Il ‘noi contro di voi’, spingendo gli attori della politica non a distinguersi per il modo di risolvere problemi e conflitti, ma a identificarsi con una delle parti non può condurre a trasformazioni della società che la investano trasversalmente. 

Tra le possibili vie d’uscita da questa situazione una sembrerebbe essere quella del muoversi in direzione opposta e contraria. Al riguardo, esistono idee diverse tra gli scienziati politici su cosa sia il contrario del populismo.
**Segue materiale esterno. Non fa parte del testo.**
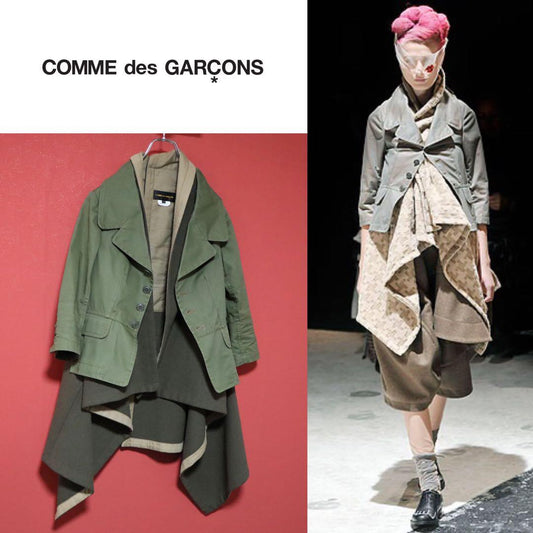 Comme des Garcons 09AW Wonderland Reconstructed Coat Size S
Alcuni, fra i quali C. Mudde e C.R.Kaltwasser (“Populism”, in Oxford Handbook of Political Ideologies, a cura di  M. Freedenet al., Oxford University Press, 2013), ritengono che l’opposto del populismo sia il pluralismo, caratterizzato da una molteplicità di gruppi ugualmente rappresentati, ognuno capace di dialogare con gli altri. Evidenze sperimentali sull’altruismo rivelano come, una volta messa da parte l’identità di gruppo, le persone siano effettivamente disposte ad immedesimarsi con gli altri e a prendere in considerazione le loro esigenze. Secondo l’Adam Smith della Teoria dei Sentimenti Morali, questo atteggiamento, che lui chiama di “simpatia”, è possibile se le richieste sono appropriate in intensità e giustificate, e si possiedesufficiente “immaginazione”. Pensiamo, ad esempio, a come una tensione verso l’altro sarebbe benefica in alcuni contesti di guerra, come nel conflitto israelo-palestinese, dove una maggior capacita di comprendere il punto di vista del “nemico” certamente aiuterebbe nella ricerca di vie praticabili per una pace duratura. Fra l’altro, proprio in un contesto di questioni che, usando una definizione alla Buchanan, richiederebbe soglie di maggioranza molto alte perché con i costi esterni (i danni per i “voi”) sono alti,  si rivela l’inadeguatezza di riforme istituzionali ed elettorali che tendano a ridurre gli spazi del pluralismo, come quelli della dialettica parlamentare, e che affermano come valore la ricerca della maggioranza più piccola possibile. Seppure teoricamente possibile, questo approccio forse risente di un certo semplicismo ed è, a suo modo, estremo. In un contesto di estrema frammentazione sociale, quante persone andrebbero messe intorno ad un tavolo per cercare di portare a sintesi queste molteplicità di interessi e di punti di vista? 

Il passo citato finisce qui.